Adani Ports
and Special Economic Zones Ltd. agreed to buy a Rs 1,954-crore stake in Gangavaram
Port Ltd. from Warburg Pincus.
Windy Lakeside Investment, an
affiliate of the private equity firm, will sell its 31.5% in the port to the
Adani Group firm, according to an exchange filing. The transaction is subject
to regulatory approvals.
Adani Ports is also in talks
with promoters DVS Raju and Family for their 58.1% stake (about 30 crore
shares) in the port. The remaining 10.4% is held by the Government of Andhra
Pradesh.
The port, located in the
northern part of the state close to Vizag, has a
capacity of 64 million metric tonnes. It was
established under concession from the state that extends till 2059.
Gangavaram is an all-weather, deep
water, multi-purpose port capable of handling fully-laden super-cape sized
vessels of up to 200,000 deadweight tonnage. It's a gateway to eight states
across eastern, western, southern and central India.
According to the filing:
·
In FY20, the port handled cargo volume of 34.5 MMT,
generated revenue of Rs 1,082 crore, operating income
of Rs 634 crore, margin of 59% and a net profit of Rs 516 crore.
·
GPL is debt free with a cash balance of over Rs 500 crore.
·
Adani Ports is acquiring about 16.3 crore shares at Rs 120 apiece, which works out to Rs
1,954 crore.
·
Based on FY20 numbers, the transaction implies EV/Ebitda multiple of 8.9 times and a P/E multiple of 12
times.
Concall Highlights
In an analyst call after
announcing the deal, Adani Ports said:
·
Warburg Pincus has been trying
to sell the port for the last five years.
·
The PE firm was looking to sell due to end of life of
their invested funds.
·
It was also considering IPO or sale of to other PE funds, strategic partners.
·
Raju & family weren’t interested in the controlling
stake in port.
Adani Ports also signed a scheme
of arrangement with group subsidiaries Brahmi Tracks Management Services, Adani
Tracks Management Services, Sarguja Rail Corridor,
according to another filing.
The scheme provides for:
·
Amalgamation of Brahmi with Adani Ports with effect from
April 1.
·
Merger of Adani Tracks with Sarguja
with effect from the April 2.
·
Transfer of the Mundra Rail
Business (Divestment Business Undertaking) as a going concern on a slump sale
basis with effect from April 2 by Adani Ports To Sarguja for a lump sum consideration.
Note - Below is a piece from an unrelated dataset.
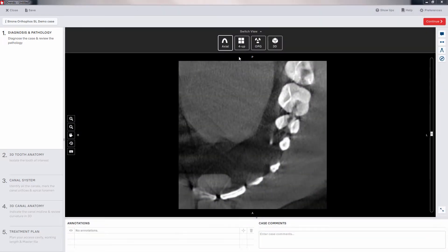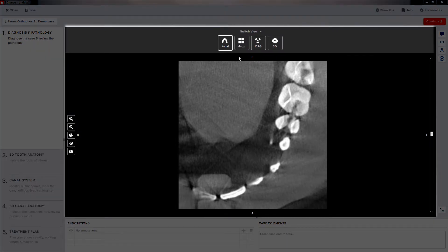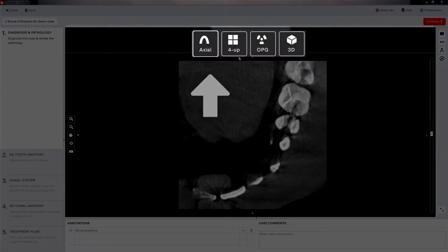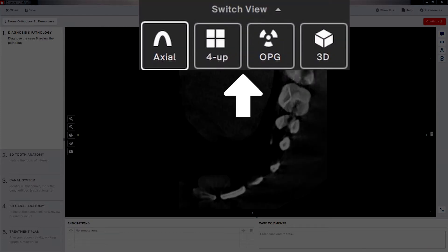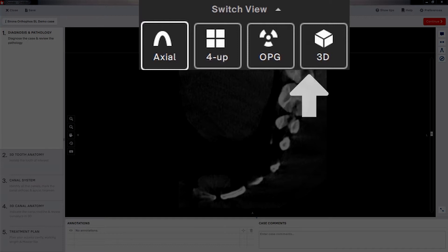The second area of the window is your main viewing screen. This is where you can see and manipulate all of the different views available. Navigation of the different views is across the top of the section.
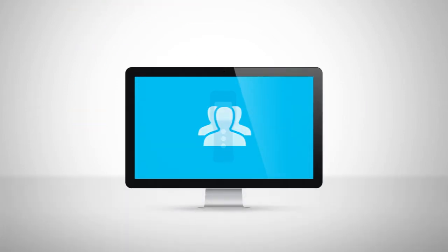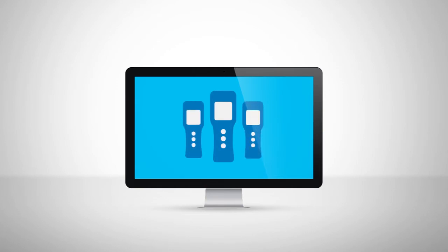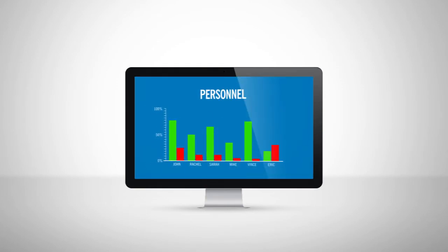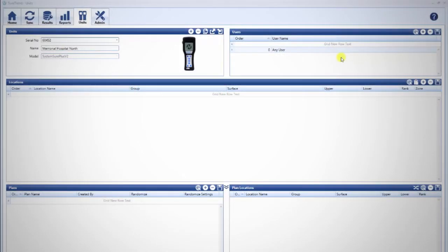Adding usernames to your unit is a great way to track EVS staff performance to help with accountability, teamwork, and training. Open SureTrend.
The objective of the scheme is
to consolidate the rail assets under one entity; tap private partnership
opportunity for developing the first-mile, last-mile connectivity and
increasing the network capacity for rail transport, the company said.
Share Swap
·
Adani Ports will credit 100 shares for 708 equity shares
of the face value by held by Brahmi.
·
Sarguja would credit 100 shares for
every 2522 equity shares held by Adani Tracks.
·
Sarguja shall pay a lump sum
consideration of Rs 188.65 crore to Adani Ports for
transfer of the Mundra Rail Business.